Running the Pulsar Timing Code on Xeon Phi (Aug 2015)
Intel's Xeon Phi:
http://www.intel.de/content/www/de/de/processors/xeon/xeon-phi-detail.htmlStatus plot of cards in xeonphi02:
https://www.atlas.aei.uni-hannover.de/~fehrmann/MicLoad/micload.png
xeonphi02: mic0, mic1, mic2, ..., mic7
Note: The directory /local/user/$USER/ on xeonphi02 is available on mic0 at /home/$USER/
Optional: Modify your ~/.bash_profile to include
if \[\[ `hostname -s` = xeonphi* \]\]; then echo "Recognized xeonphi host! Sourcing intel compiler." source /opt/intel/2015/intel.sh source /opt/intel/2015/composer_xe_2015.0.090/bin/compilervars.sh intel64 source /opt/intel/2015/impi_5.0.1/bin64/mpivars.sh export DAPL_DBG_TYPE=0 export I_MPI_MIC=1 fi
git clone
git@gitmaster.atlas.aei.uni-hannover.de:gamma-ray-project/fgrptiming.git fgrptiming_mic
cd fgrptiming_mic
git checkout xeonphi
ssh xeonphi02
./build.sh --linux-mic
cd testing/J1035
./run_J1035-6720_mics.sh
Mount Atlas via sshfs
Then:
python triplot_iamcmc.py --infile /Users/holger/sshfs/atlasB/FermiLAT/fgrptiming_mic/testing/J1035/PSR_J1035-6720_v19.dat --outfile /Users/holger/sshfs/atlasB/FermiLAT/fgrptiming_mic/testing/J1035/tripl_PSR_J1035-6720_v19.dat --parfile /Users/holger/sshfs/atlasB/FermiLAT/fgrptiming_mic/testing/J1035/PSR_J1035-6720_v19.dat.par --phaseplots
Xeon Phi Computing examples (Jan 2015)
Here are two example codes showing how to perform parallel computing with the Xeon Phi (MIC).
Example of offloading to the Xeon Phi using
OpenMP:
test-openmp.c
Example using Intel MPI to parallelise the computing:
test-mpi.c
First, login to atlas8 and do the following:
source /opt/intel/2015/intel.sh
source /opt/intel/2015/impi_latest/intel64/bin/mpivars.sh
source /opt/intel/2015/composer_xe_2015/bin/compilervars.sh intel64
export LD_LIBRARY_PATH=$LD_LIBRARY_PATH:/usr/lib64
To compile the
OpenMP example: (remove -openmp tag to compare to running normally)
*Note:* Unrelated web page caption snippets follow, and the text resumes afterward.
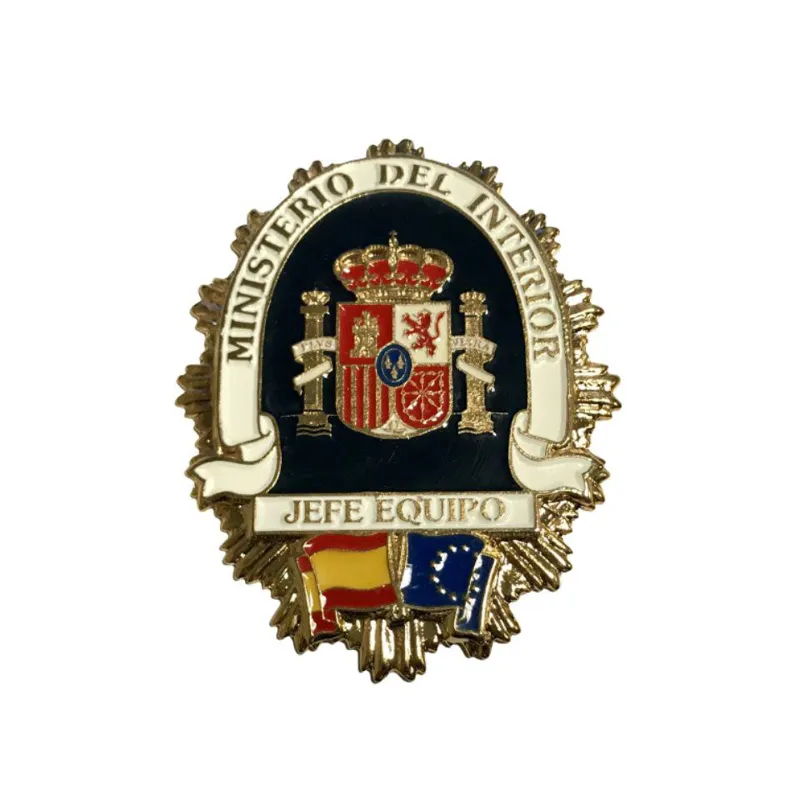 Placa Cartera Jefe de Equipo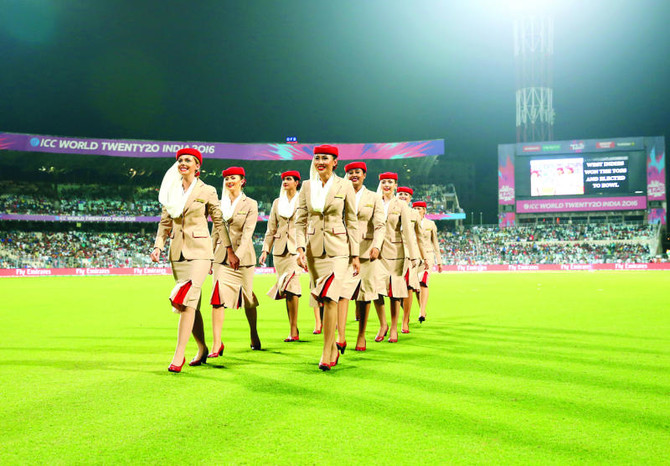 Emirates gives cricket fans a cheer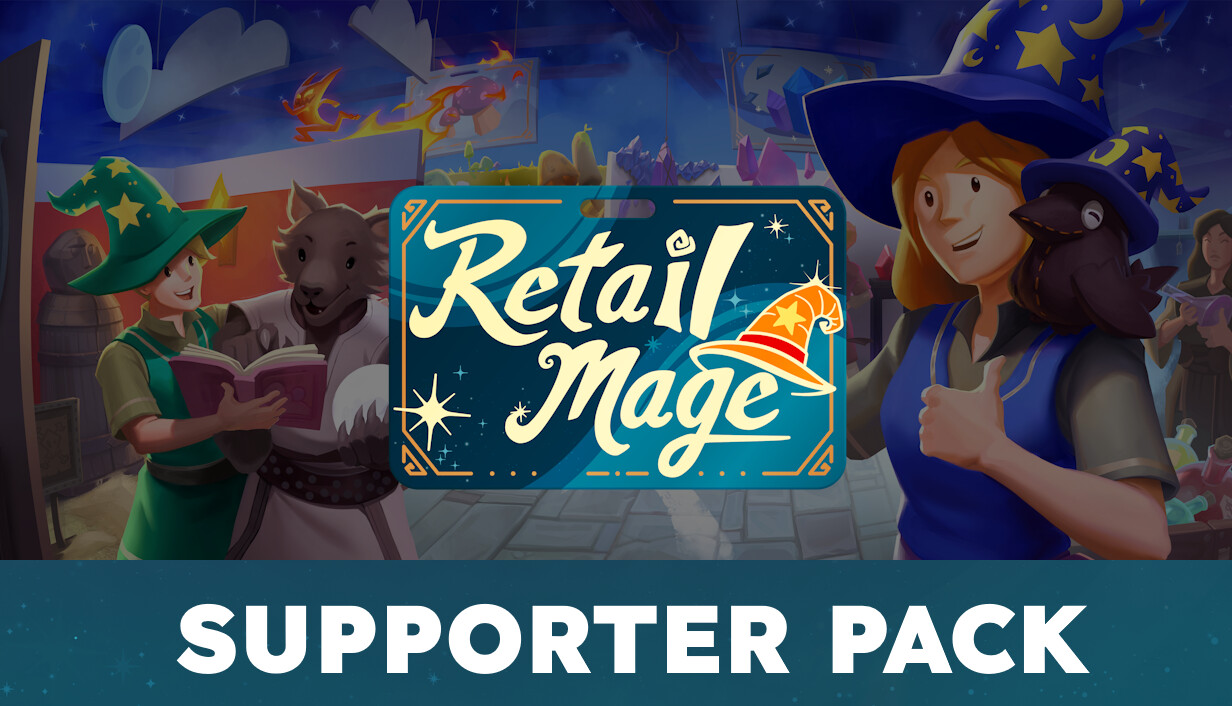 Retail Mage - Supporter Pack Featured Screenshot #1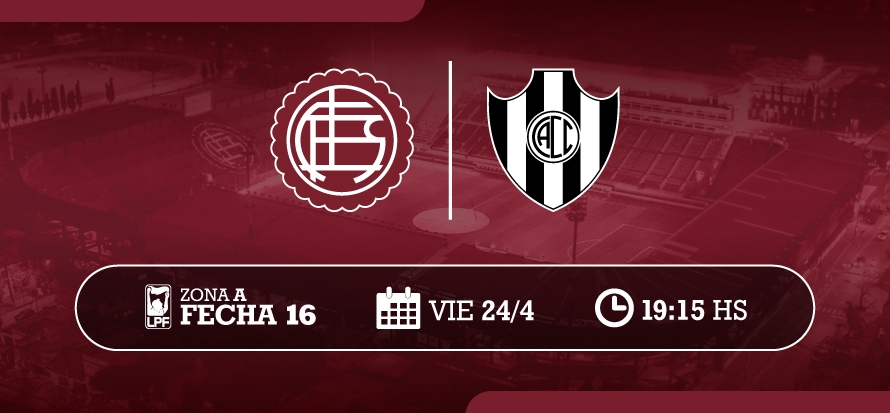 Lanús vs Central Córdoba (SGO)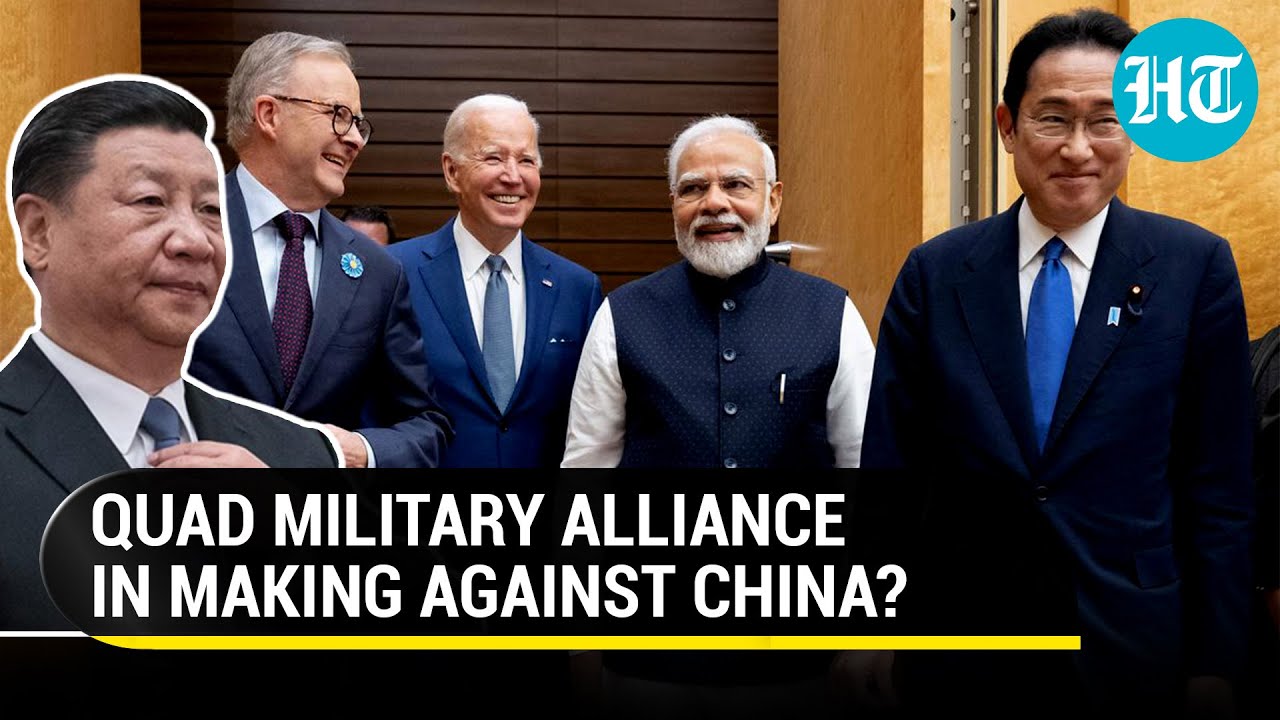Eye on China, QUAD military commanders to huddle in U.S | Inside Details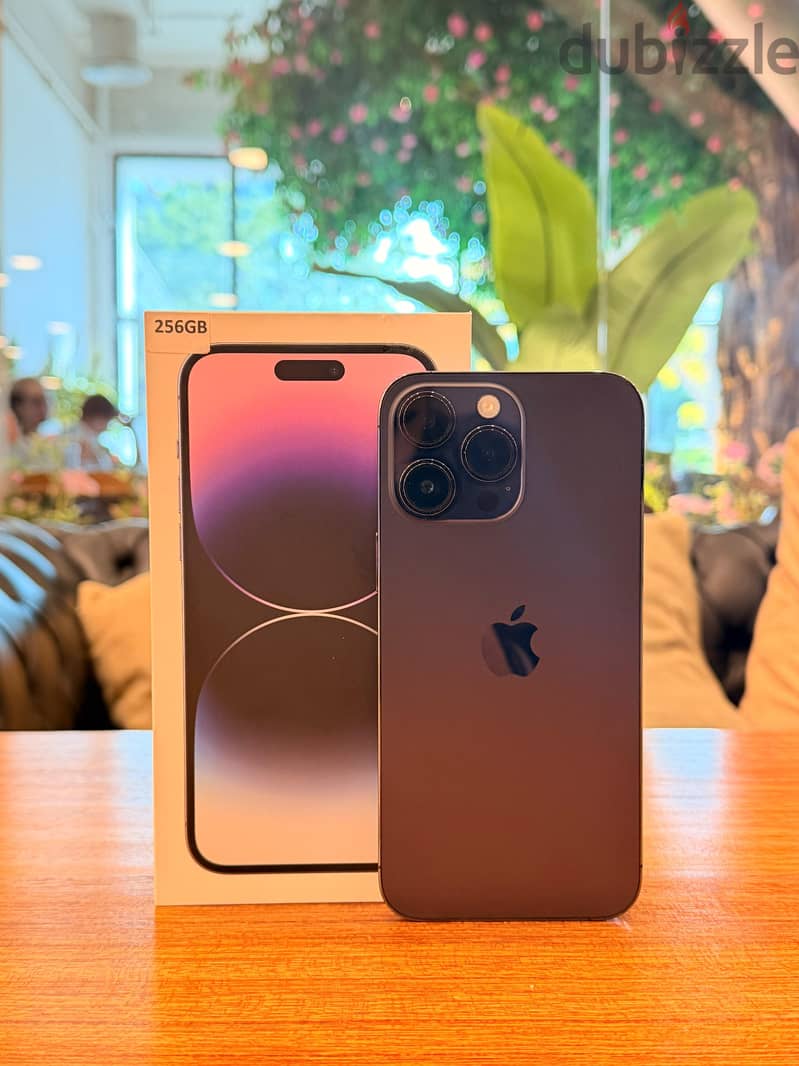 iphone 14 pro max used for sale 89% battery 2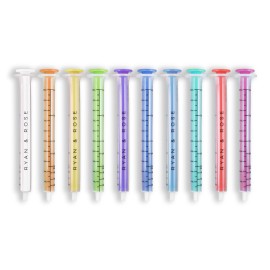 Ryan & Rose Cutie Dose - Baby Medicine Dispenser Syringe (10 Pack)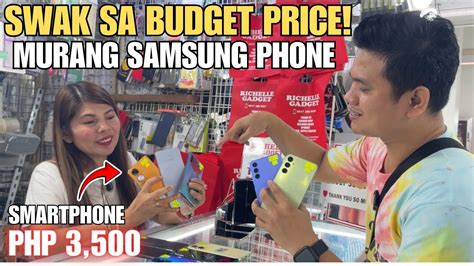 MURANG MAGBENTA NG 2NDHAND ANDROID MAY SWAK NAMAN SA BUDGET PRICE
icc -openmp test-openmp.c -o test-openmp
This code simply "offloads" the expensive for-loop to the Xeon Phi using shared memory, and
OpenMP handles the parallelisation. It's necessary to take care of all pointers and arrays which need to be passed to the Xeon Phi using e.g. in(pointer:length(array_length)) in the offload pragma. Any variables which are iterated over in the loop should be declared "private" to prevent threads from interfering with one another.
The MPI example can be run in a few different modes: running only on the head-node, only on the Xeon Phi, or "symmetrically" on both at once. Using the Xeon Phi like this requires you to be able to access the MIC using passwordless SSH (ask Henning!)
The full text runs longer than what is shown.